**** Provided records

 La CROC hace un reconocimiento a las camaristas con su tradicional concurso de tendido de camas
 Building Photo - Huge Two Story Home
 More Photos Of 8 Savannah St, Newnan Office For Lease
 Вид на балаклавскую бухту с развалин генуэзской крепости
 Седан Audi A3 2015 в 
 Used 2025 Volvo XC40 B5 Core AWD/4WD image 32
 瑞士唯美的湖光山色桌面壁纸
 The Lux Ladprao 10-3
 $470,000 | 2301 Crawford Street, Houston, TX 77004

********
**** Provided records

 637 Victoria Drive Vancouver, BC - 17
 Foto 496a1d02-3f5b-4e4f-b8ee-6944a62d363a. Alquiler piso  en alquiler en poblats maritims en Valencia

********

Work task »
From the entries above, write out only the lines starting at the line that holds "La CROC hace" and ending at the line that holds "Houston, TX 77004", keeping both and matching them exactly.

Answer for this exercise »
 La CROC hace un reconocimiento a las camaristas con su tradicional concurso de tendido de camas
 Building Photo - Huge Two Story Home
 More Photos Of 8 Savannah St, Newnan Office For Lease
 Вид на балаклавскую бухту с развалин генуэзской крепости
 Седан Audi A3 2015 в 
 Used 2025 Volvo XC40 B5 Core AWD/4WD image 32
 瑞士唯美的湖光山色桌面壁纸
 The Lux Ladprao 10-3
 $470,000 | 2301 Crawford Street, Houston, TX 77004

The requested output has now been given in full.